WHAT DO YOU THINK ABOUT IT SO FAR?
(SCOTT)>> IT'S A REALLY CLEAN PROJECT. I'M LOOKING FORWARD TO GETTING INVOLVED.
(JEREMY)>> THANKS MAN, THIS IS AN AWESOME KIT
YOU'VE GOT HERE. REALLY CLEAN, NICELY LABELED AND EVERYTHING, BUT AVERAGE GUY AT HOME, WHEN HE GETS THIS KIT, WHAT DOES IT NORMALLY TAKE, INSTALLATION TIME?
(SCOTT)>> WELL IT REALLY DEPENDS ON THE INSTALLER'S ABILITY LEVEL AND HOW COMPLEX THE BUILD IS, BUT USUALLY ABOUT A WEEKEND.
(JEREMY)>> RIGHT, WELL THAT'S GOOD MAN, AND ALSO YOU GUYS HAVE VERY DETAILED INSTRUCTIONS, NOT
ONLY THAT, TECH HELP. SO IT MAKES IT A LOT EASIER FOR THE AVERAGE GUY.
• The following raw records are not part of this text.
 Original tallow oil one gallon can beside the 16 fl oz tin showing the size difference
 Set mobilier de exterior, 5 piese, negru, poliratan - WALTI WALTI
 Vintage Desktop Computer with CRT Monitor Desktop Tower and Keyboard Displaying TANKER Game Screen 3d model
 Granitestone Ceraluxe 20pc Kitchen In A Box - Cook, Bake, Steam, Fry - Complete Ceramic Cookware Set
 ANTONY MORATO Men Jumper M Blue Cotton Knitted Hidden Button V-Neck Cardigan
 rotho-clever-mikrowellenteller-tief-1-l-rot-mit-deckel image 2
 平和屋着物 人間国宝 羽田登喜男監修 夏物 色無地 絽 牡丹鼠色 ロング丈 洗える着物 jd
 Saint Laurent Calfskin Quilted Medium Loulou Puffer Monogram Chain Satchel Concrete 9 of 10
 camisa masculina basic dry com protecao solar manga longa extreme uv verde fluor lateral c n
(SCOTT)>> WE REALLY TRY TO PUT EVERYTHING IN PLACE TO MAKE FOR A GOOD, SUCCESSFUL INSTALL.
(JEREMY)>> COOL MAN, RIGHT ON.
WELL WIRING A TRUCK LIKE THIS THAT PRETTY MUCH HAS NOTHING RIGHT NOW, WHERE'S THE FIRST PLACE YOU'D START?
(SCOTT)>> WELL WHAT WE NEED TO DO FIRST IS MOUNT THE FUSE PANEL AND THE SWITCHES.
(JEREMY)>> SHEET METAL SCREWS WILL ATTACH IT TO THE KICK PANEL, AND WHILE SCOTT LAYS OUT THE WIRING, I CAN DRILL FOR BOTH THE IGNITION AND LIGHT SWITCHES. WE'VE CALLED ON SCOTT'S EXPERTISE BEFORE. HE HELPED TOMMY AND JOE WIRE UP THEIR '49 FORD LAST SEASON, AND PITCHED IN ON OUR GIVEBACK '55
HANDYMAN WAGON BY VOLUNTEERING TO WIRE IT UP.
(SCOTT)>> AND YOU HOLD THIS, HOLD IT RIGHT THERE.
(JEREMY)>> ALONG WITH SOME HELP FROM HIS SON KYLE,
WHO'S NOW PART OF THE RON FRANCIS TEAM. HE'S NOT JUST A BUSINESS OWNER. SCOTT'S A FULL ON GEARHEAD WHO LOVES WHAT HE DOES.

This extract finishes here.